During annual seasons of thanksgiving, it can be pretty easy to make a list of obvious blessings for which we might be grateful. If you’re sitting around a bountiful table filled with delicious food, thankfulness more readily flows from heart. When your children are healthy, your job is steady, and your relationships are intact, it’s less challenging to praise God.

But can you be thankful even during the not-so-pleasant times in your life? The apostle Paul admonished: “In everything give thanks; for this is the will of God in Christ Jesus for you” (1 Thessalonians 5:18). That’s a tall order when your bank account is empty or you’re facing a serious illness.

The Bible encourages us to give thanks for things that most of us never stop to consider as blessings. Though we should “abhor evil” (Romans 12:9) and “hate lawlessness” (Hebrews 1:9), there are more hidden benefits in our difficulties than we might think.
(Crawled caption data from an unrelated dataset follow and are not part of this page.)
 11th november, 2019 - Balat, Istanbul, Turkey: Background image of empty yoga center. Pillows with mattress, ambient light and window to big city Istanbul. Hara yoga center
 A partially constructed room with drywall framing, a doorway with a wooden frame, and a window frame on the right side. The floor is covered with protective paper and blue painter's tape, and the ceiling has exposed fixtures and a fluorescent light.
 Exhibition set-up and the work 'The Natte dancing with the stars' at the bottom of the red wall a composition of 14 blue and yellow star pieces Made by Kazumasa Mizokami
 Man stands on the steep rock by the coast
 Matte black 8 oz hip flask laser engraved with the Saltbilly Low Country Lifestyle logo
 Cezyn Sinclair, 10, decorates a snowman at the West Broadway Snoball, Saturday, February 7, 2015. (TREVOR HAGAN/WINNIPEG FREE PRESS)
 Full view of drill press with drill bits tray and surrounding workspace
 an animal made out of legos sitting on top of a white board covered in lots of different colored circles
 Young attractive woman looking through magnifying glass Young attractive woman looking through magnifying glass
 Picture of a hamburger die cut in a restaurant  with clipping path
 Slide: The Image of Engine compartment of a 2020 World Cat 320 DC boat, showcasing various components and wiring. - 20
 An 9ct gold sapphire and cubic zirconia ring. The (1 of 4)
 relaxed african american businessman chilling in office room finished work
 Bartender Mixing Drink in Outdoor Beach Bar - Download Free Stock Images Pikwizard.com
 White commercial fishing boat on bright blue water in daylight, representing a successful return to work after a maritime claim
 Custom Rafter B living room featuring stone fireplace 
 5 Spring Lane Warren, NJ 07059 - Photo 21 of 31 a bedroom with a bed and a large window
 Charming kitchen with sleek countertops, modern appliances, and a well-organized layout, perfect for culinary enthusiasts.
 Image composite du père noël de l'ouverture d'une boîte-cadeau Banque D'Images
Thankful for afflictions. “It is good for me that I have been afflicted, that I may learn Your statutes” (Psalm 119:71). Going through a painful situation can draw us closer to God. Many of us forget to look up until we are down.

Thankful for tribulations. “These things I have spoken to you, that in Me you may have peace. In the world you will have tribulation; but be of good cheer, I have overcome the world” (John 16:33). Being persecuted for one’s faith is not easy. Yet trials can strengthen our grip on the hand of God.

Thankful in everything. “Be anxious for nothing, but in everything by prayer and supplication, with thanksgiving, let your requests be made known to God” (Philippians 4:6). Thankfulness to God in prayer shows our trust in Him. We believe He listens and cares.

Thankful for dark valleys. “Yea, though I walk through the valley of the shadow of death, I will fear no evil; for You are with me; Your rod and Your staff, they comfort me” (Psalm 23:4). Even in the face of death, we can know the grave is not our final resting place. There is a resurrection to look forward to.

Thankful for forgiven sins. “Therefore I say to you, her sins, which are many, are forgiven, for she loved much. But to whom little is forgiven, the same loves little” (Luke 7:47). Jesus spoke to Simon about Mary’s sinful life. Those who have been forgiven for many failures will value God’s compassion even more.

Thankful for sacrifice. “Let them sacrifice the sacrifices of thanksgiving, and declare His works with rejoicing” (Psalm 107:22). God loves sacrificial givers (2 Corinthians 9:7). People who willingly put God first are storing up treasures in heaven (Matthew 6:19, 20).

Thankful in confusion. “And we know that all things work together for good to those who love God, to those who are the called according to His purpose” (Romans 8:28). Can you be thankful, even when you cannot understand some of the circumstances you face? Jesus encouraged His disciples to trust Him when they could not understand His suffering, “but you will know after this” (John 13:7).